Jésus au jardin des oliviers (Drew Sarich)
Jésus ne ressuscite pas vraiment sur la scène du Cirque Krone, bien mieux, il se réconcilie avec Judas, ce qui est la plus belle concrétisation de son message d'amour inconditionnel Le music-hall d'Andrew LLoyd Webber fait un tabac en ce moment à Munich. Le Theater-am-Gärtnerplatz a eu l'excellente idée de programmer un des meilleurs opéras rock des années 70 et ce faisant a réussi à drainer un public jeune qui jusqu'ici n'avait pour la plupart jamais franchi les portes du célèbre théâtre lyrique populaire de la capitale bavaroise. Le Superintendant du théâtre, Josef Köpplinger, ouvre ainsi de nouveaux horizons, et c'est fort bien ainsi. Un défi relevé avec succès, car le Cirque Krone fait salle comble pour les trois représentations prévues, ce qui laisse à penser que, lors d'une reprise, plus de représentations pourraient être programmées.

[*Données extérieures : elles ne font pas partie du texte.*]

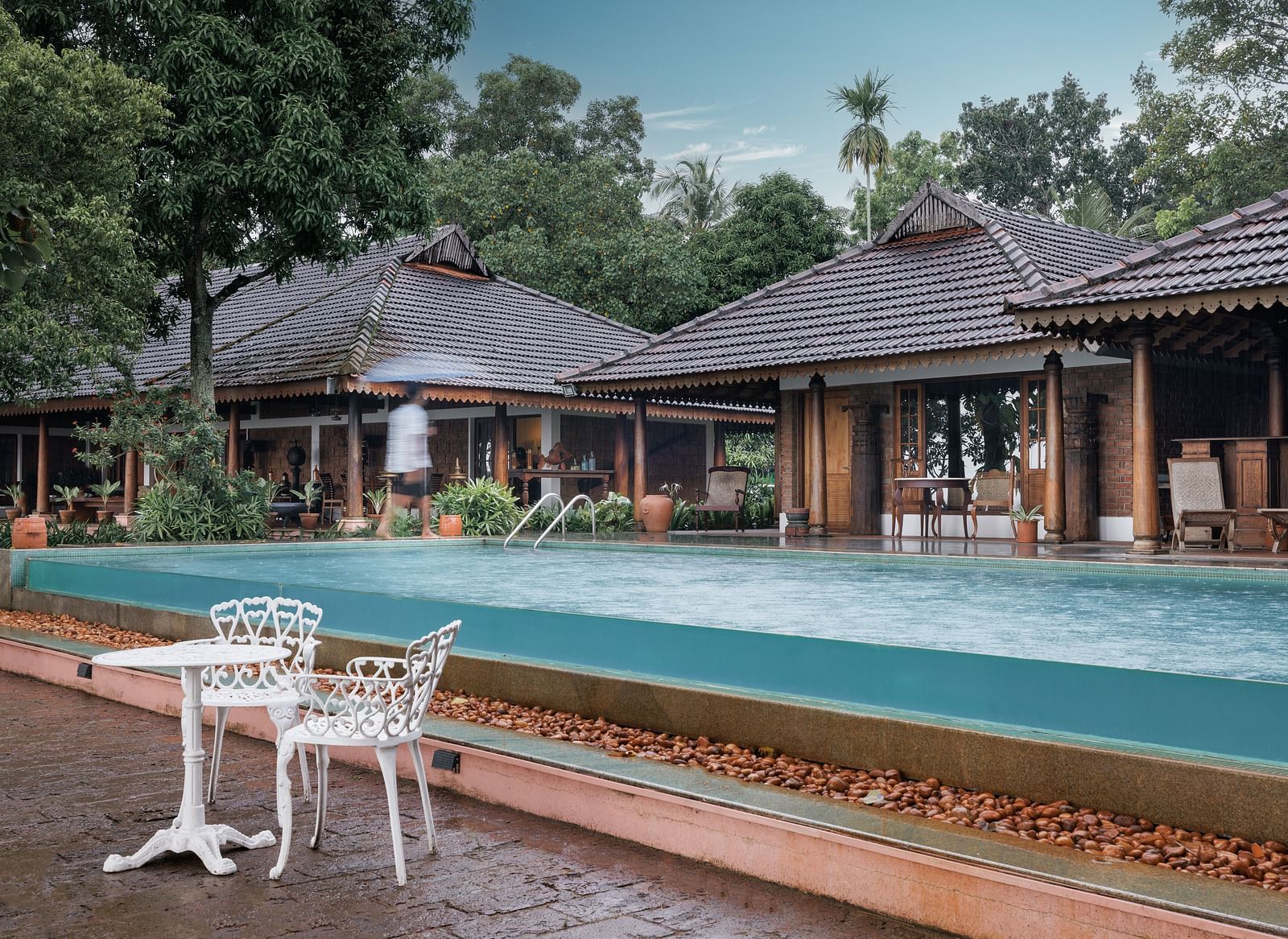A shot of the pool with chairs and table near it and the restaurant in the background - BluSalzz Villas - Muhamma Resort, Alleppey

On nous avait annoncé une version concertante, mais en fait l'oeuvre d'Andrew LLoyd Webber a quasi été mise en scène par Josef Köpplinger. L'orchestre occupe la partie supérieure d'un huitième des gradins de l'amphithéâtre, au centre de la piste un petit podium à deux niveaux de chacun deux gradins permet aux protagonistes principaux de la passion de Jésus de venir y chanter en se saisissant d'un des quatre micros placés aux quatre angles du podium. Au sommet de la scène, comme pour un concert rock, une appellation qui peut presque convenir à l'oeuvre de Webber, il y a en effet suffisamment de parties solos pour cela.

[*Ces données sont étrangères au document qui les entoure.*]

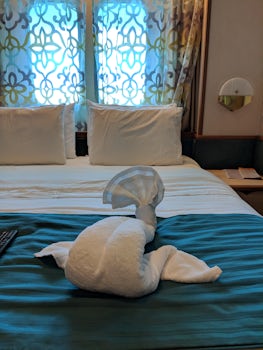 Comfortable bed with towel animal.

Au début du spectacle les chanteurs et les choristes vêtus de longs manteaux sombres déboulent des allées qui desservent l'amphithéâtre, comme s'ils surgissaient du sein du public. Ils prendront le même chemin en sens inverse à la fin du spectacle. Ce type d'entrée en scène a un effet d'inclusion: le disciples de Jésus, cela peut-être vous qui êtes assis sur les gradins de cette salle, chacun est convié, et à la fin du spectcale, chacun peut repartir avec le viatique du message délivré. Le choeur viendra entourer le podium, Jésus sur une des marches parle à un petit groupe de disciples d'une manière proche et familière, tandis que Judas chante au micro. Tout au cours du spectacle, la tension entre les deux hommes sera palpable. C'est qu'ils ont des visées théologiques et politiques qui divergent, la suite biblique nous en est connue.

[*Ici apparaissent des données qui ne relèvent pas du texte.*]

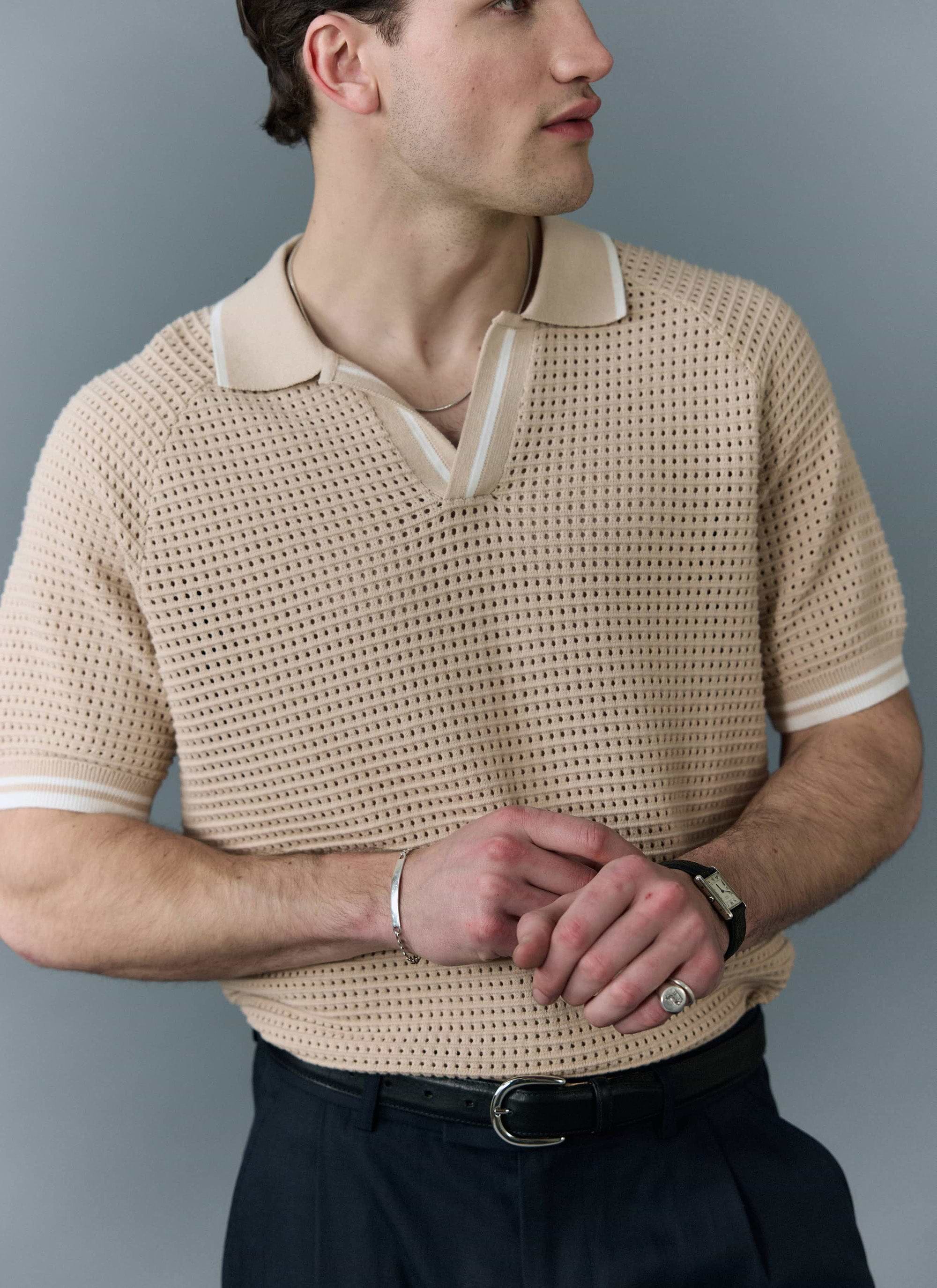 A man models the Percival Tennis Boxy Knitted Polo in ecru, showing the perforated cotton knit and striped open collar.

Les rôles principaux sont confiés à des chanteurs de premier plan. L'Américain Drew Sarich chante le rôle-titre sans grimage particulier. Köpplinger n'a pas voulu d'un Jésus barbu aux cheveux longs comme une certaine tradition aime à se le représenter. Drew Sarich est là tel qu'en lui-même, avec ses cheveux courts et sans barbe, et habillé de manière simple et décontractée, le bonnet sur la tête, en débardeur marcel, jeans et basketts, tatouage au bras. Sarich est bien connu en Allemagne et en Autriche dans le monde de la comédie musicale ( il fut entre autres Quasimodo à Berlin ou Berger dans Hair à Vienne) comme il l'est à Broadway ou à Londres. Il nous donne un Jésus de chanteur rock avec une présence intense et un charisme puissant, et de belles possibilités dans l'aigu notamment dans de longs cris expressifs chantés avec de longues tenues de notes. Le Judas d'Alex Melcher est tout aussi exceptionnel avec une intensité dramatique magnifique dans l'expression virulente des convictions, mais aussi des doutes et des déchirements qui traversent ce personnage complexe. Le Pilate d'Erwin Windegger participe lui aussi de cette même intensité scénique et de cette même réussite vocales. Peti van der Velde donne des accents soul à sa Marie-Madeleine: si elle est très convaincante dans le mezzo et par les raucités de sa voix, elle accroche moins dans l'aigu.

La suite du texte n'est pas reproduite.